Do you have a rainy day fund? You know, "cash in the bank" so to speak to cover unexpected expenses? I am not talking about 401K or IRA plans. I am talking about liquid funds that one can quickly access without incurring tax penalties from the dreaded IRS for early withdrawal.
If you do, do you consider it an investment or a form of insurance?
Many financial experts used to say that you should have 3-6 months worth of your current net pay set aside. In recent years I have heard some claim 6-9 months. I have to say that with today's economy the 6-9 months is probably a safer bet.
Now for most of us that are not yet retired, that is a significant amount of money to try to put aside. Especially with the sky rocketing costs of food, fuel and energy. But if you are able to swing it over time, would you consider it an investment (geared toward making money), or an insurance policy (which in effect costs you money)?

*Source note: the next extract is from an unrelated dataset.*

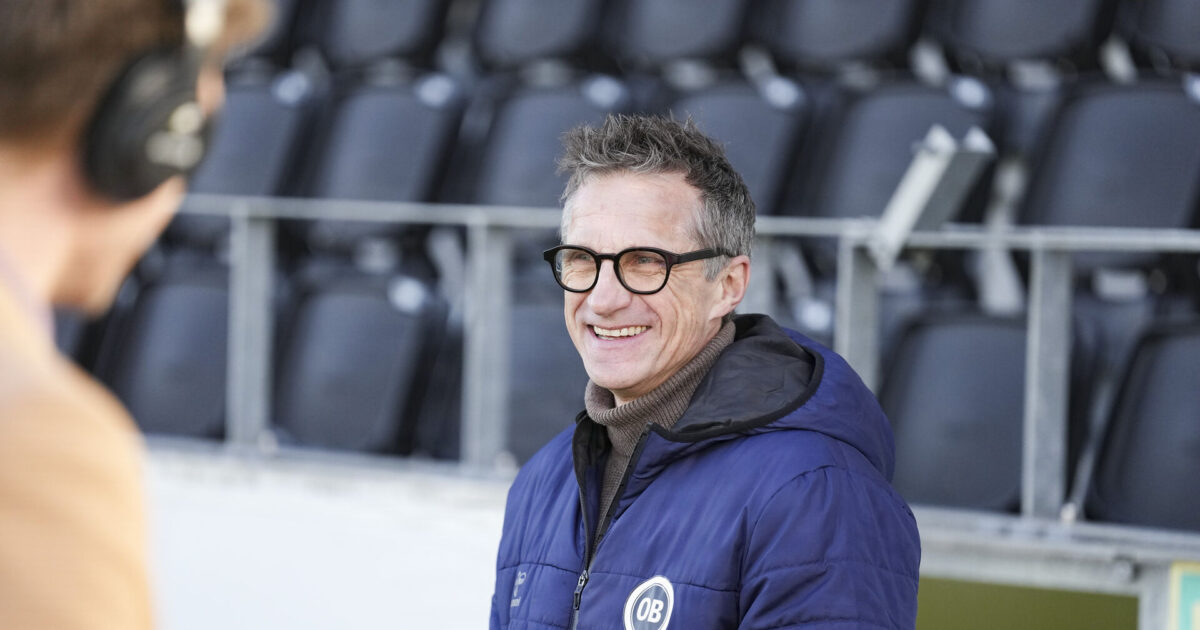 Ambitiøse OB: Dét er vores målsætning Foto: Claus Fisker/Ritzau Scanpix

By this I mean where would you keep it? In a low yield money market account or other savings instrument earning 1% or less (the interest income on these funds probably isn't going to keep up with the cost of living increases, but are about as safe as anything can be when dealing with a financial institution)?
Or, would you put it in a low risk investment account (bonds etc.)? These "might" keep up with the cost of living increases, but some risk of loss is incurred.
I can see the pros and cons of both ways. I am currently splitting the difference and contributing to both types of accounts, with a minor emphasis of getting 6 months worth of my annual gross in a money market/savings type of account first.
My goal is to have one years worth of my current gross salary in my "rainy day fund".